Reflexos do meu avesso
Enquanto organizava o quarto, colocando em ordem os objetos espalhados no dia anterior, passei rapidamente em frente ao espelho, porém com tempo suficiente para dar uma olhadinha e observar que ainda estava vestida com a roupa que uso para a caminhada diária.
E, como espelho é espelho – algo magnetizante –, não me contive e voltei para dar mais uma espiadinha. Dessa vez, olhei-me demoradamente. Conferi o meu visual só para constatar que estava cada vez mais difícil perder peso. Já sabia! A balança me mantém informada diariamente. Mas sou perseverante, vou continuar a caminhar, mesmo não gostando desse exercício. Eu preciso!
Ajeitei ligeiramente as madeixas já grisalhas, e ia desviando o olhar, na intenção de voltar as atividades, quando, magicamente, o meu reflexo me fez ficar. Descobri que o meu “arsenal de cosméticos anti-idade” não anda surtindo o efeito desejado. Só para ter absoluta certeza do meu “descobrimento”, aproximei-me um pouco mais do espelho, até o meu rosto quase colar na sua superfície lisa, refletiva e fria. Não gostei do que vi, principalmente porque as marcas vincadas pareciam verdadeiras crateras. Simplesmente assustadoras!

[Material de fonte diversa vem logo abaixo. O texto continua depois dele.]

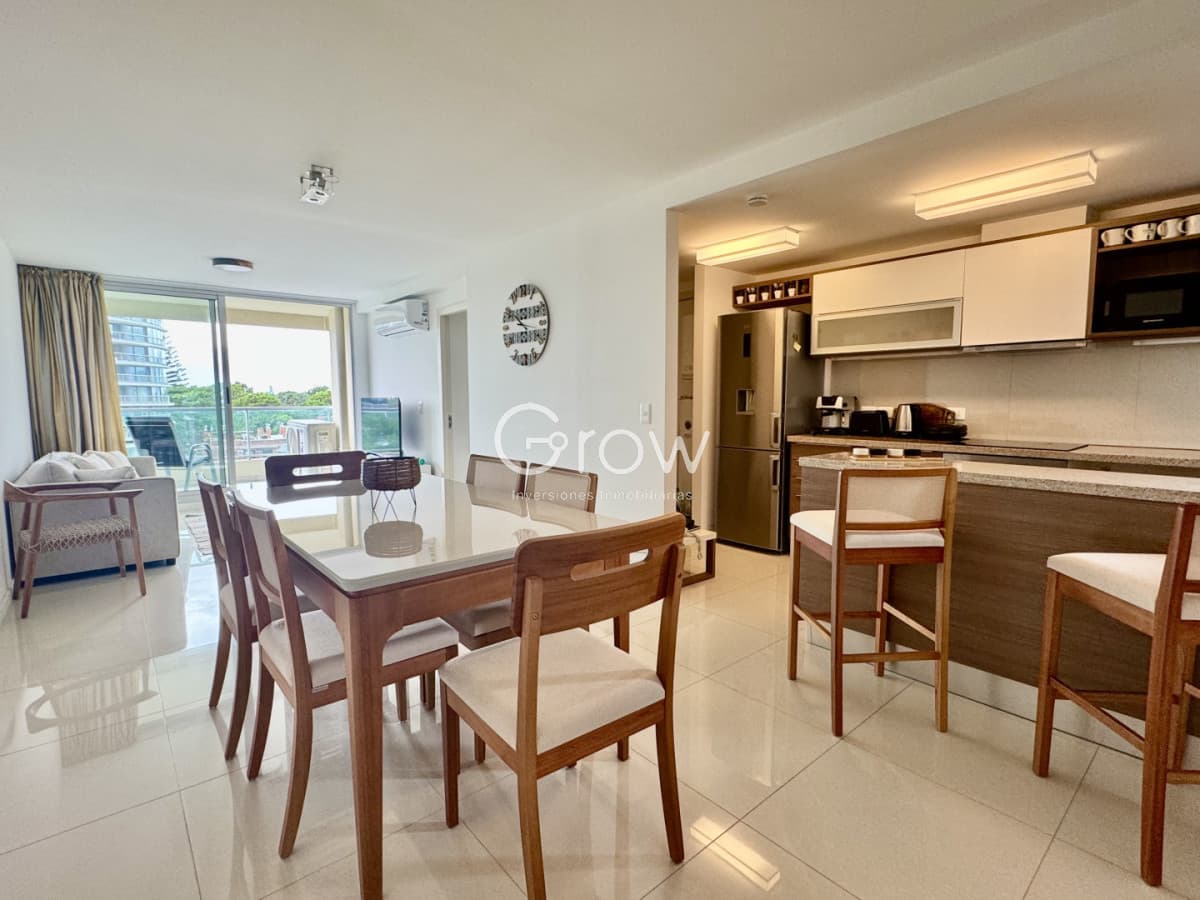 Venta apartamento Punta del Este, 3 dormitorios, 2 baños, 2 garajes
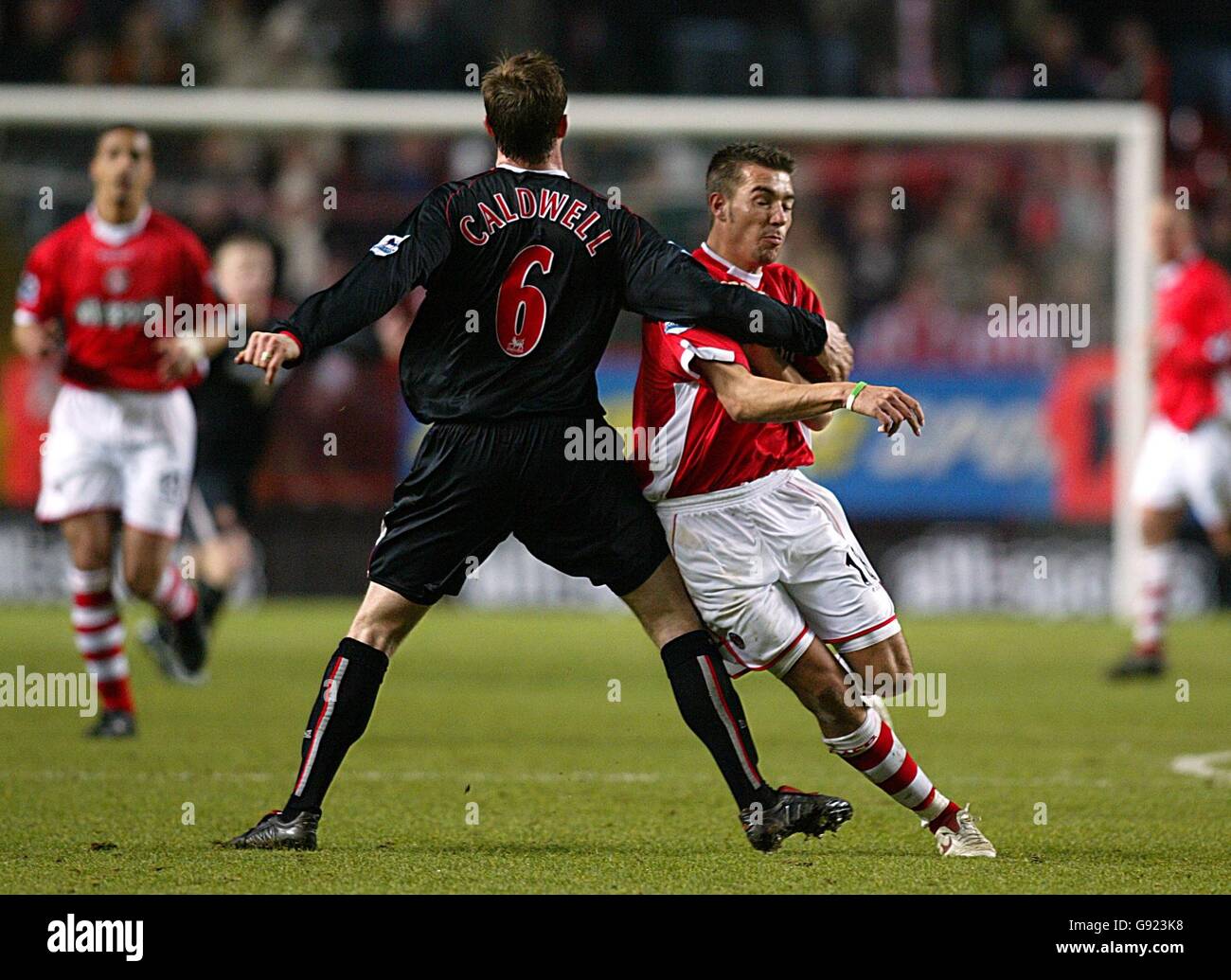 Sunderland's Stephen Caldwell drags Charlton Athletic's Darren Ambrose back by the neck and is subsequently booked Stock Photo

Diante daquilo que representava a real imagem ficou impossível não me lembrar da rainha – bruxa, na historinha da Branca de Neve – “Espelho, espelho meu, existe alguém mais bela do que eu?”
Logicamente, que não me atrevi a repetir tal pergunta, de repente podia ouvir algo desagradável e ficar ainda pior. Mas, como sou brasileira e não desisto nunca, dei umas boas gargalhadas, e isso resolveu, temporariamente, o meu problema! Acho.
Entre um afazer e outro, vez por outra, me pegava frente ao meu “amigo espelho”, descobrindo novas marcas do tempo.
Embora tenha sacudido a cabeça, na intenção de espanar para longe as preocupações inerentes ao meu atual estado estético, ainda assim me encontrava indignada. Em consequência disso, fiquei olhando para o meu reflexo no espelho, mesmo que, com a imagem invertida, pensando se a sua função – a do espelho –, seria apenas essa mesmo, ou seja, alertar as pessoas vaidosas que o tempo não perde tempo!
Às vezes quero crer que sim, pois o uso de espelhos pelas mulheres, remonta aproximadamente ao ano de 6000 a.C., sem contar que o uso dos espelhos d’água para refletir imagens é mais antigo ainda, pois desde que o mundo é mundo se sabe do seu uso.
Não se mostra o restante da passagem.